In 1929 there were plans to pull the house down, as the Bürgerei was too narrow to be used as a through road. As luck would have it, a businessman from Hamburg bought it, even under resistance by the locals. In 1932 he had the house gutted and all the bricks extracted, so the wooden framework could be moved back three metres – on rollers – towards the canal that was there at the time. The brickwork was professionally re-set and a saying carved in the woodwork over the main entrance: “I praise craftsmanship – It moved me here – Not to everyone’s approval – but now I’m standing still”.
It was a technical masterstroke at the time.

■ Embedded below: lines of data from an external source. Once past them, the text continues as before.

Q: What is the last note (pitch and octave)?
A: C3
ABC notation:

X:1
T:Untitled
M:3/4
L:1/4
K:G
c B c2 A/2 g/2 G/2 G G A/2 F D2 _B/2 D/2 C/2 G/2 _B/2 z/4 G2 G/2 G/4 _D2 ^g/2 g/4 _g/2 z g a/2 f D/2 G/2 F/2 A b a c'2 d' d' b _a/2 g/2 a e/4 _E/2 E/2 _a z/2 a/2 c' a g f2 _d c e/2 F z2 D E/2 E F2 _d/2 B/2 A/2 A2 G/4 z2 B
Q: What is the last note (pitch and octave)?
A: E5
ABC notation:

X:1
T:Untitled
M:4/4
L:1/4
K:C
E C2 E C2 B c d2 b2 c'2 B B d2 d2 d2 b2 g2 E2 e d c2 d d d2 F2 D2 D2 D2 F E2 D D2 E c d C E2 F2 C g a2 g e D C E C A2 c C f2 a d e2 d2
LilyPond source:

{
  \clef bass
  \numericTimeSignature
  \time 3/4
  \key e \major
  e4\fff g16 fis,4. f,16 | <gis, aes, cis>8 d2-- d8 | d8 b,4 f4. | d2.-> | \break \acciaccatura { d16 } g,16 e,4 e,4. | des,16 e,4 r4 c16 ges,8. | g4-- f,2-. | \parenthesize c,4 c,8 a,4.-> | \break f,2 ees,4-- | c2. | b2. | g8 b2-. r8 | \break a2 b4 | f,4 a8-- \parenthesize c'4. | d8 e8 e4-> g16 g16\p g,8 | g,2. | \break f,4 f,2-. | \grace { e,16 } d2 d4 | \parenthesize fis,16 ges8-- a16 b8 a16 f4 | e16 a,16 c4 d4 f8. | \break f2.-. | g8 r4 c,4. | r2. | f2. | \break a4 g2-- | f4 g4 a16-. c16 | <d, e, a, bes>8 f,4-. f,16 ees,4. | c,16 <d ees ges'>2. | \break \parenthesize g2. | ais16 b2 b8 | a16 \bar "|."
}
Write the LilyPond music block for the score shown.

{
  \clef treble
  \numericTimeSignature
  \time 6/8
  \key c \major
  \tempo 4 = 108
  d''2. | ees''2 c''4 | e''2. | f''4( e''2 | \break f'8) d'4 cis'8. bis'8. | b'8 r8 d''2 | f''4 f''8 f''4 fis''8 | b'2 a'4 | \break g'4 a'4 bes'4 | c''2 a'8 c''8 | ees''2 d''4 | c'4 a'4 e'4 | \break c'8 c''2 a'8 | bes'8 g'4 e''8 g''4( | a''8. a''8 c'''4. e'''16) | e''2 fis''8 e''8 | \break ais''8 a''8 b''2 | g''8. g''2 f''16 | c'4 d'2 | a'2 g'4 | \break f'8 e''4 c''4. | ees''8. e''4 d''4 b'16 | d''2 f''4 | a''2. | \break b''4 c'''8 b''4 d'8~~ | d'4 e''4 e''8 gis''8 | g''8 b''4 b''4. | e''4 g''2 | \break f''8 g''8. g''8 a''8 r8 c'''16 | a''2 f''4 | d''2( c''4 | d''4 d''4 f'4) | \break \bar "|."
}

Today, the people of Jork are proud of this historic monument and its unique history.
After World War II there was a branch of the Schleswig-Holsteinische Westbank in the left part of the ground floor. In the right part, there was a hairdresser’s, which in 1954 became a wool and drapery shop, with a dry-cleaning agency.
Apart from the commercially used spaces, there were also apartments for a solicitor and his wife and for another family with four children on the ground floor. Three more families lived on the first floor and another two under the roof. Nowadays the building houses the public library.